** Exercise **
What you return should be the full listing, word for word, without a single image.

** Stored data **
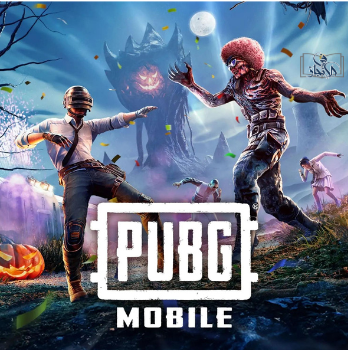 ببجي 2.9 pubg mobile للأيفون والأندرويد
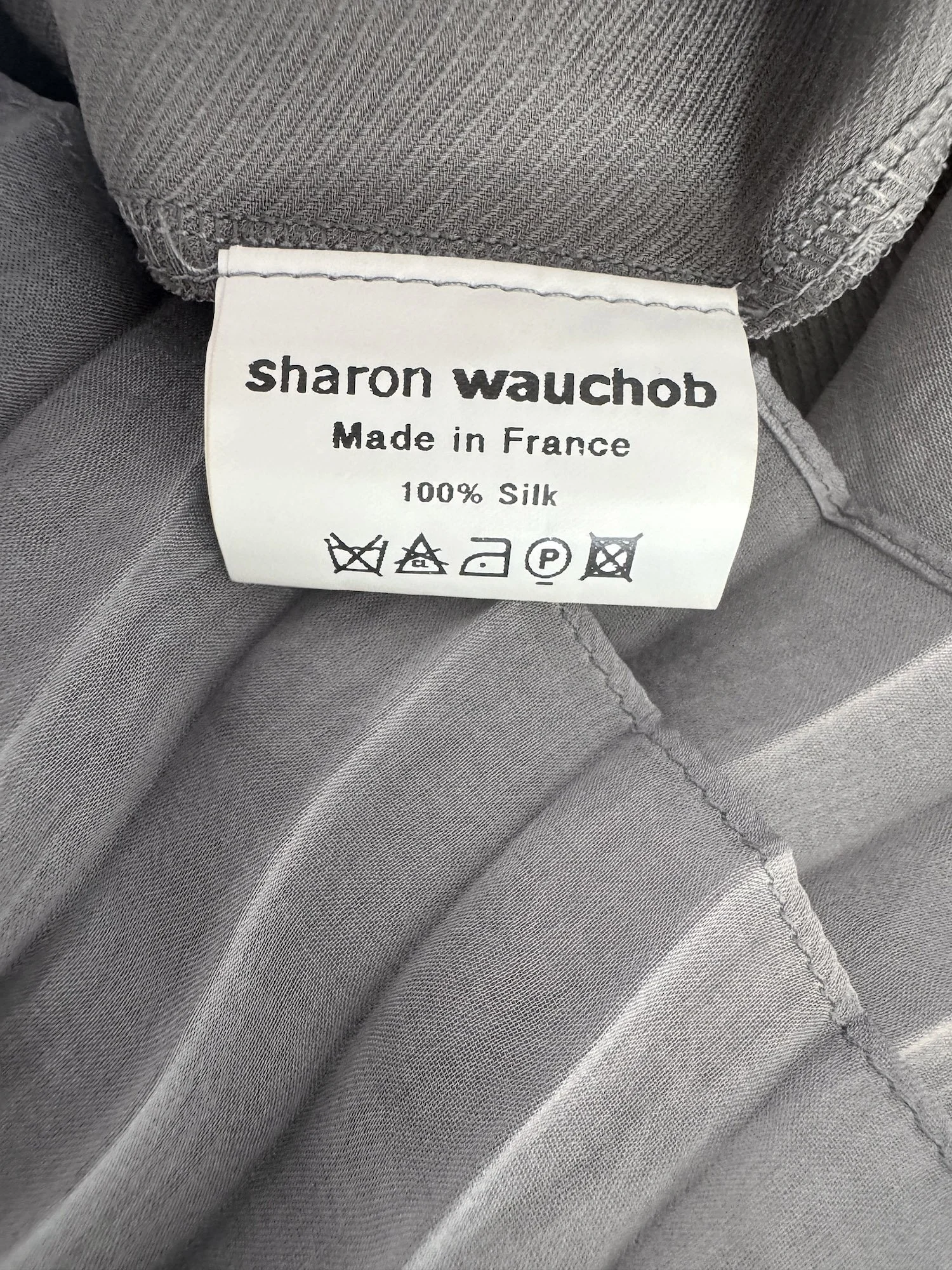 IMG_8055.jpg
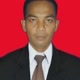 ARFANDI FANDI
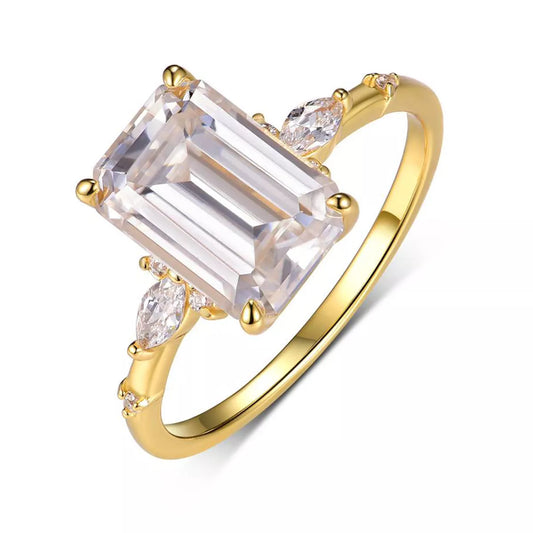 0a709a3e-7a5e-4582-b97d-b20383b0f274-Max-Origin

** Solution to the problem **
 ببجي 2.9 pubg mobile للأيفون والأندرويد
 IMG_8055.jpg
 ARFANDI FANDI
 0a709a3e-7a5e-4582-b97d-b20383b0f274-Max-Origin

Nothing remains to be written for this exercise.